The intelligentsia of Tatarstan, the Moscow official says, “was founded on jadidism, a trend in Islam which arose out of the doctrine of Ismail Gasprali and the new method schools in which religion played a subordinate role. In their turn, Muslim leader of Tatar nationality considered that on the contrary religion is the defining identity.”
“In their opinion,” Zhuravsky says, “ethnicity must be adapted to the religion because religion must definite consciousness and not ethnic membership, since ethnic membership for Islam is not important just as it is not for Orthodoxy.” But at the same time, “other religions coexisted with the Islamic tradition over the course of many centuries.”
According to Zhuravsky, Russia’s problems in this day have been generated not by Islam or national culture but by “the appearance of non-traditional forms of Islam” such as Wahhabism. But he expressed the view that “there is a sufficient amount of internal energy inside Russian society that it can overcome this conflict.”
Zhuravsky’s views are both reasonable and tolerant, but precisely because they are, some who would like to have one religion dominate Russian society as a whole disagree. Vladimir Legoyda, the head of the information department of the Moscow Patriarchate of the Russian Orthodox Church, offered “a somewhat different” interpretation of the latest poll results.
While religion is an inherently “intimate part of human life,” he told the Moscow daily, it is “at the same time is and always has been a colossal social force because religion is that which philosophers call the boundary identity of the individual.” And understanding that is critical to understanding the poll and the meaning of religion in the Russian Federation.
“Today,” Legoyda continued, “we observe a certain break between the so-called cultural religious identity and genuine religious identity.

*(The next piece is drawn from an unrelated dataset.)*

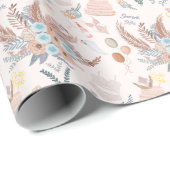 Boho Brautparty Pattern Geschenkpapier (Rolleneckpunkt)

In other words, far from all those who identify themselves as Orthodox, Muslim and soon in their own lives are guided by the very postulates in which they, according to their own words, believe.”
That does not reinforce secularism but rather points to the existence in societies of “a culture-forming religion,” which in Russia, Legoyda argued, is the Russian Orthodox Church.” Only later, “in the process of the development of the state and society did other so-called traditional religions appear and exist.”
Legoyda’s use of the term “culture-forming religion” in this context and his highly problematic assertion that Orthodoxy pre-existed other faiths -- Islam was present in what became Russia long before the so-called “Baptism of Russia” in 988 -- represent yet another assault by the Patriarchate on the Constitutionally-mandated secular nature of the Russian state.